Diketahui, perkara dugaan korupsi kuota haji ini menyeret eks Menteri Agama (Menag) Yaqut Cholil Qoumas (Gus Yaqut) sebagai salah satu tersangka.
"Dalam proses penyidikan perkara kota haji ini, KPK juga sudah menerima laporan hasil hitung kerugian keuangan negara dari BPK," kata Juru Bicara KPK Budi Prasetyo, Selasa (3/3/2026), dipantau dari Breaking News KompasTV.
"Artinya BPK tidak hanya mengonfirmasi bahwa kuota haji ini masuk dalam lingkup keuangan negara, tapi atas dugaan perbuatan melawan hukum yang dilakukan oleh para pihak, di mana dalam perkara ini KPK sudah menetapkan dua orang tersangka atas perbuatan melawan hukum yang dilakukannya telah merugikan keuangan negara."
Oleh karena itu, kata dia, penyidikan perkara kuota haji tersebut sudah firm atau kuat.
"Namun, kita tetap menghormati proses praperadilan yang saat ini sedang berlangsung," tuturnya.
Baca Juga: Kuasa Hukum Yaqut Pertanyakan Kerugian Negara dalam Kasus Kuota Haji
Diberitakan sebelumnya, kuasa hukum eks Menag Yaqut, Mellisa Anggraini sempat mempertanyakan kerugian negara dalam kasus kuota haji yang menjerat kliennya.
Ia menyinggung mengenai belum adanya penghitungan kerugian yang pasti sebelum penetapan tersangka Yaqut dan mengaitkannya dengan Kitab Undang-Undang Hukum Pidana (KUHP) serta Kitab Undang-Undang Hukum Acara Pidana (KUHAP) baru.

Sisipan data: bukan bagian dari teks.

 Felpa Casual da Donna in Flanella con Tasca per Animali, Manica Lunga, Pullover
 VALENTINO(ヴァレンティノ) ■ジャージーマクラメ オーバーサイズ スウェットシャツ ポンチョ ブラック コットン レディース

"Kami juga melihat pasca KUHP dan KUHAP yang baru, kemarin juga ada putusan terkait dengan materi yang sama seperti yang kami sampaikan, bahwa kami ditetapkan sebagai tersangka tanpa adanya penghitungan kerugian negara," katanya di PN Jaksel, Selasa (24/2/2026), dilansir KompasTV.
"Kita bisa lihat bagaimana angka-angka itu muncul tidak pernah jelas gitu ya, dari Rp1 triliun, Rp100 miliar bahkan katanya belum sampai, dan lain sebagainya."
Mellisa mengatakan terakhir kali dirinya mendampingi Yaqut hadir di Badan Pemeriksa Keuangan (BPK), belum ada rilis perhitungan kerugian negara dalam kasus kuota haji yang menjerat kliennya itu.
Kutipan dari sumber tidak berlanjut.